Biehl will zeigen, dass Bürger sich vor diesem Massendelikt wirksam schützen können. Selbst das schicke Rad der 15-Jährigen hätte mit einem besseren Schloss erst gar nicht zur Beute werden müssen, sagt er. „Das war im Grunde nur ein Stück Draht im Plastikmantel, kein Problem für einen Bolzenschneider, den ein Täter problemlos im Rucksack verstauen kann.“

Biehl und seine Fachleute vom Alt-Saarbrücker Ermittlungs- und Servicedienst warnen eindringlich vorm Sparen an der falschen Stelle. Die Polizisten  verstehen Käufer nicht, die zwar Hunderte oder gar Tausende von Euro für ein Fahrrad ausgeben, dann aber beim Schloss knausern. „Zehn Prozent des Anschaffungspreises sollten in die Sicherungstechnik fließen. Das ist viel zu selten der Fall, wie wir bei unseren Runden durch die Stadt sehen“, sagt Biehl. Außerdem rät er Fahrradkäufern, alle Papiere und Daten der neuen Errungenschaft gut zu verwahren. Vor allem die Rahmennummer sollte griffbereit sein.

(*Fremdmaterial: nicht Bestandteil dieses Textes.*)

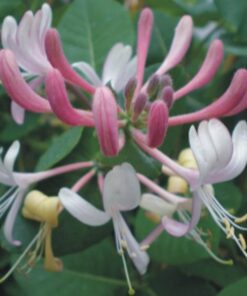 Alternative view of Wiciokrzew pomorski Serotina PACHNĄCY P9/C1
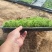 100万佛甲草穴盘苗基地直销，根系长得很好，质优价廉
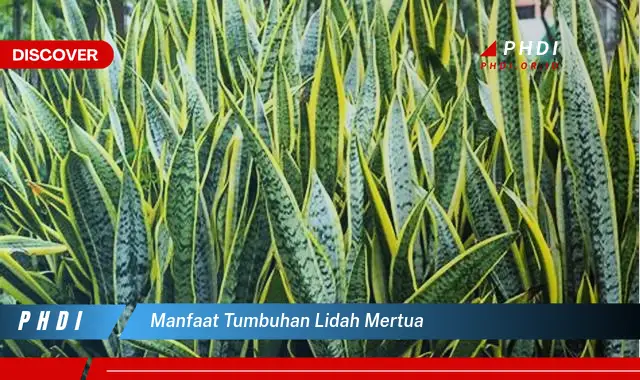 manfaat tumbuhan lidah mertua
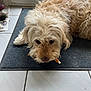 Lafayette participe au concours pour gagner de l'argent avec cette photo : dog, curly_fur, bone, mat, indoor, tile_floor, door, pet, chewing, brown_dog, curly_hair, close_up, animal, relaxed, floor, domestic, cute, laying_down, snack, companion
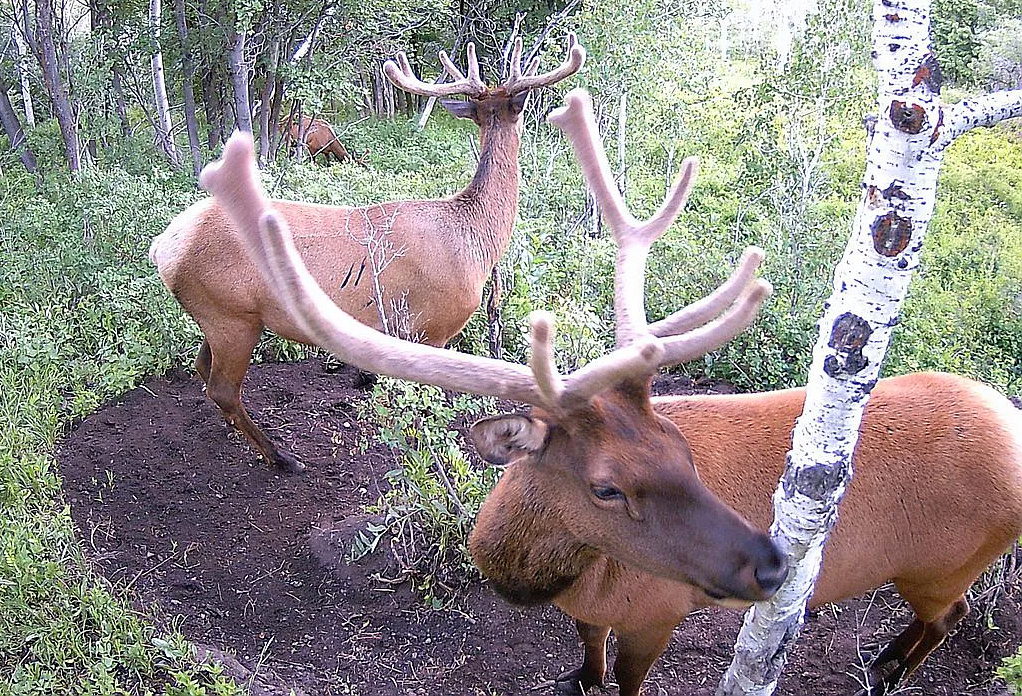 TERRA DEL SOL II SUB - Land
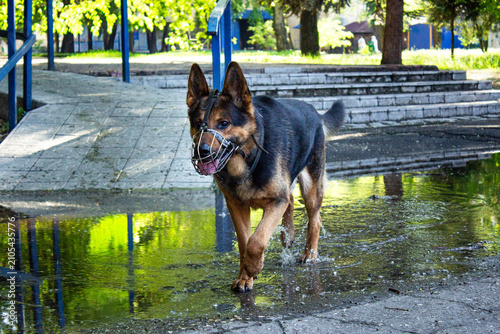 Fotografie German Shepherd dog wearing a metal wire muzzle walking through a puddle in a park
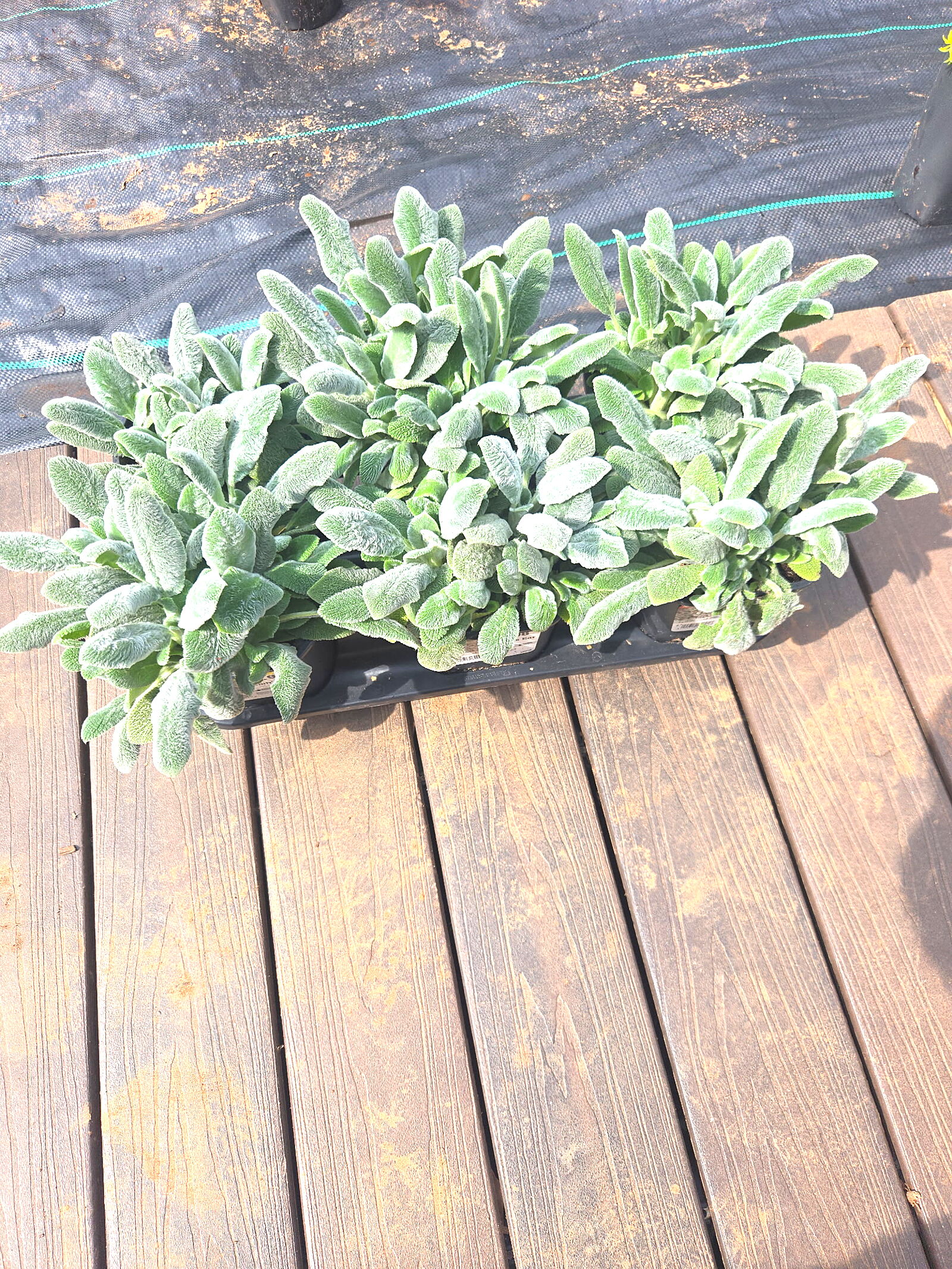 Close-up of plants on tray ready for installation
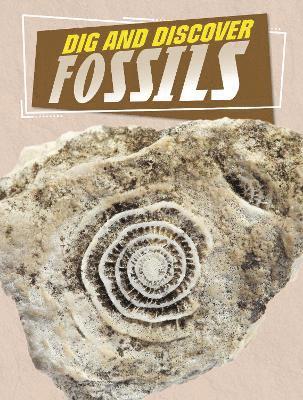 Anita Nahta Amin - Dig and Discover Fossils, Häftad
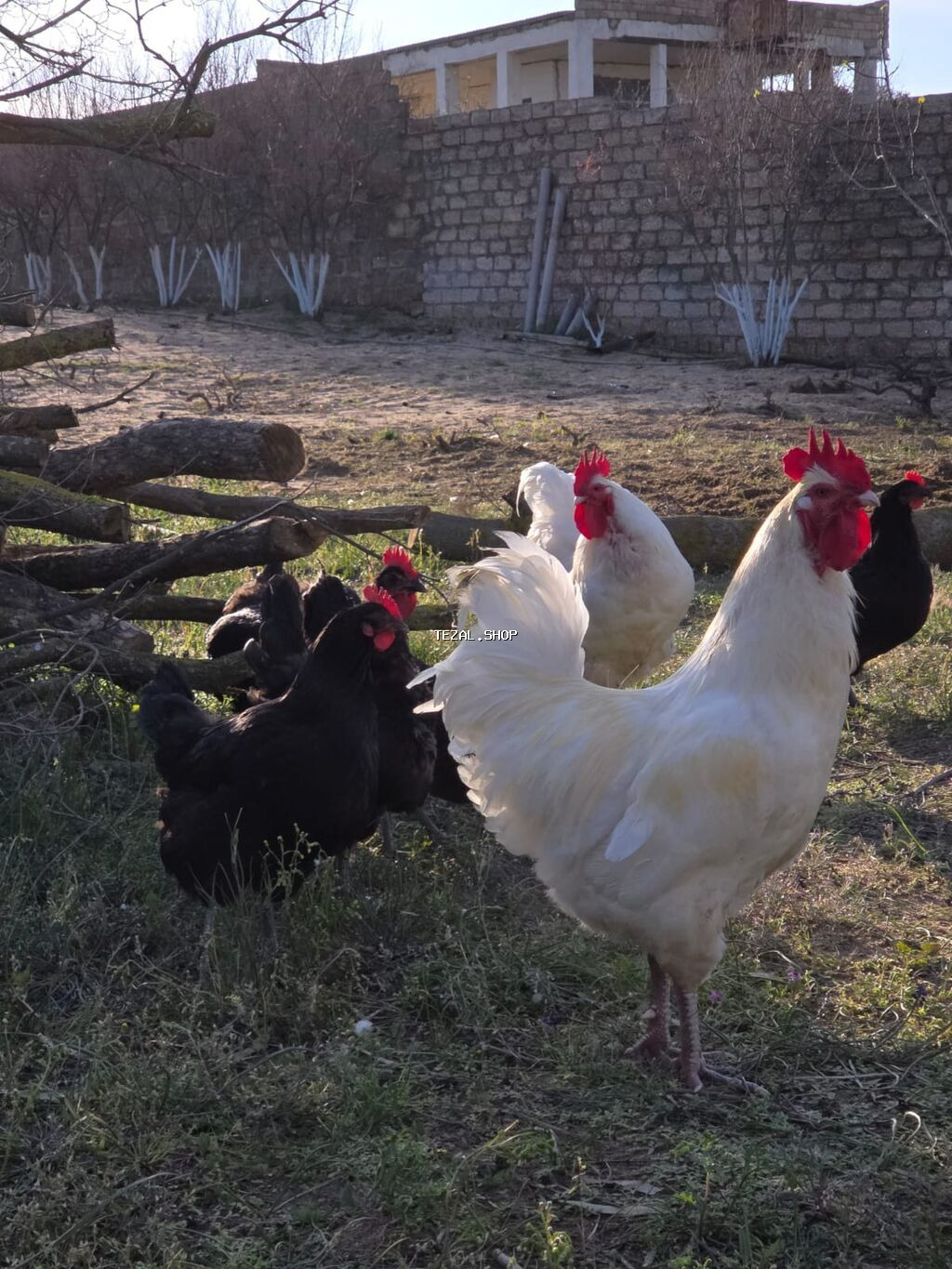 Temiz qan Australorp cuceleri .3-gunluk 3 manat,20 gunluk -5manat - şəkil 3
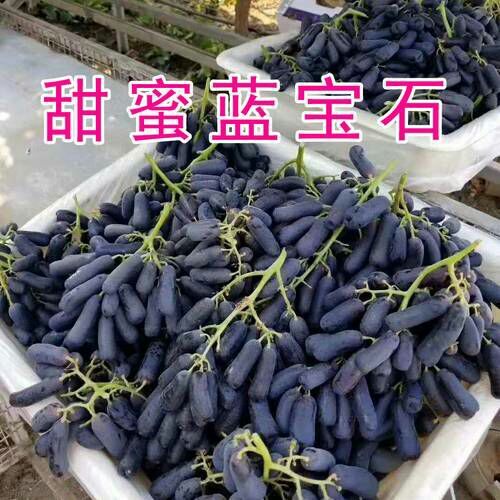 卢龙县蓝宝石葡萄苗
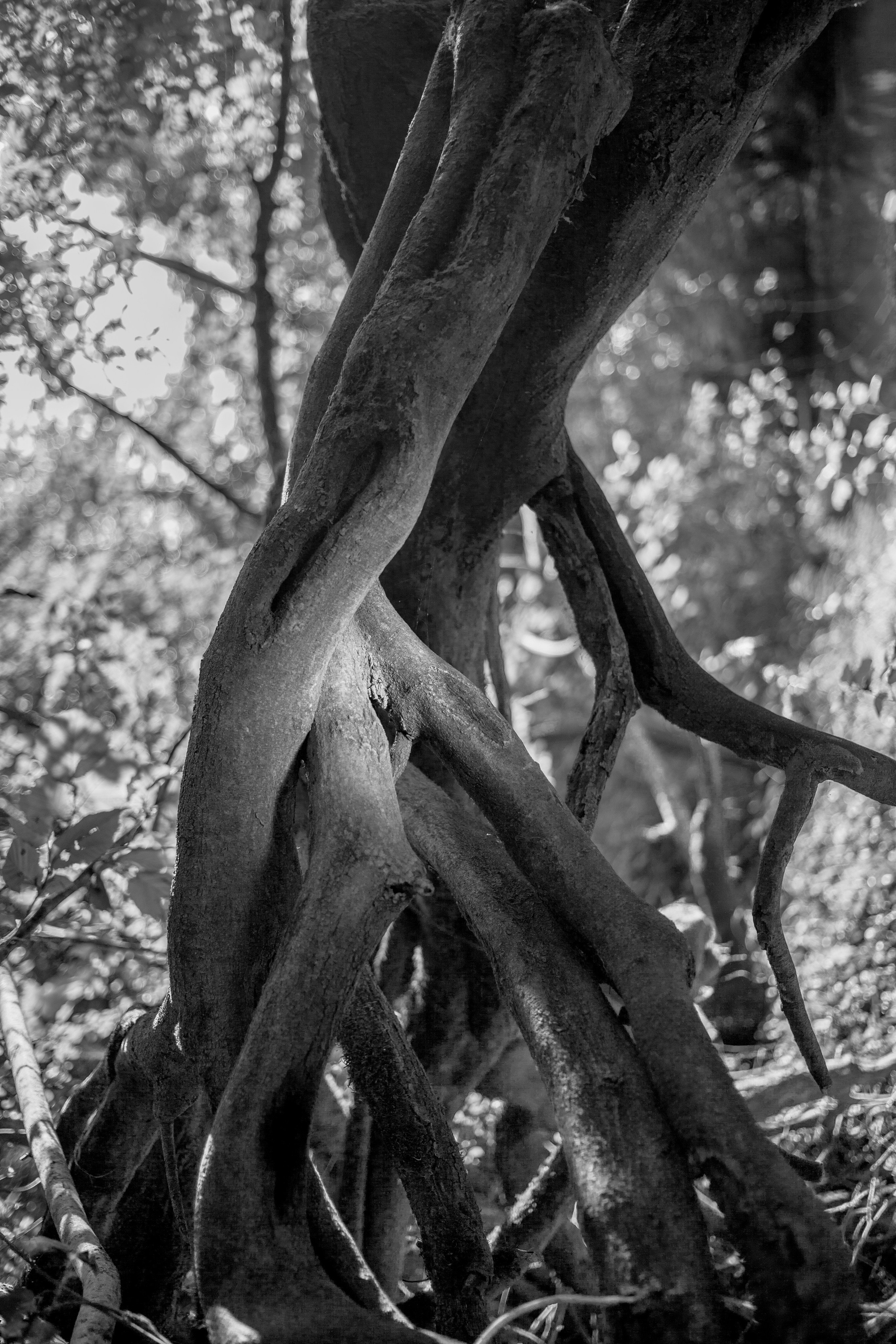 Улицы Люди на улицах Природа Животные — фотограф Оля Волчкова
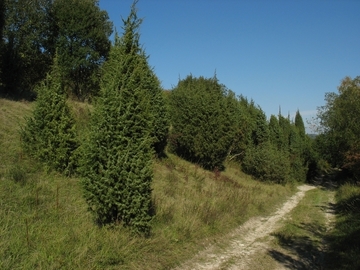 LRT 5130 - Wacholderbestände auf Zwergstrauchheiden oder Kalkrasen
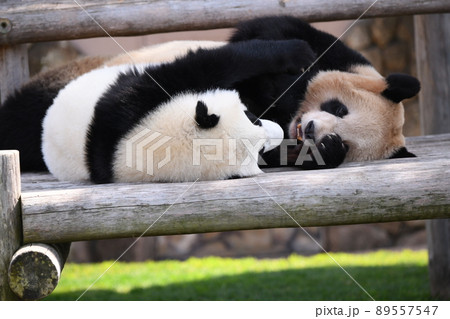 仲良し親子パンダ 89557547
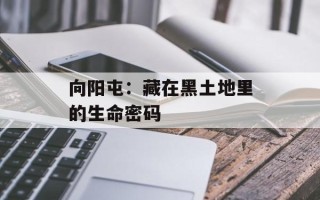 向阳屯：藏在黑土地里的生命密码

Biehl: „Mit dieser Nummer haben wir schon öfter beschlagnahmte Fahrräder dem Eigentümer zugeordnet.“ Nicht immer sei das Diebesgut noch komplett. Auch Teile hochwertiger Fahrräder seien begehrte Beutestücke. Kein Wunder, koste doch eine superleichte Gabel aus Karbon ohne Weiteres im Internet 500 bis 600 Euro. Als Einzelstück kaum zu identifizieren und attraktiv für Täter, die damit zumindest teilweise ihren Lebensunterhalt bestreiten. Oder Drogen kaufen. Wie schnell solche Gauner sind, erlebte jetzt ein Senior vor einer Alt-Saarbrücker Apotheke. Er hatte sein Elektrorad nur zwei Minuten abgestellt. Als er wiederkam, war das nicht gesicherte Rad weg. Ein gutes Ende wie im Fall der bestohlenen 15-Jährigen ist nicht in Sicht. Auf Zeugen, die einschreiten und zumindest die Polizei rufen, sollten Bestohlene genausowenig bauen. Ein Mitarbeiter Biehls sah, wie ein Mann am helllichten Tag am St. Johanner Markt ein Fahrradschloss knacken wollte. Er schritt natürlich ein. Viele andere hatten den Diebstahlsversuch schon zuvor gesehen. Reaktionen? Fehlanzeige.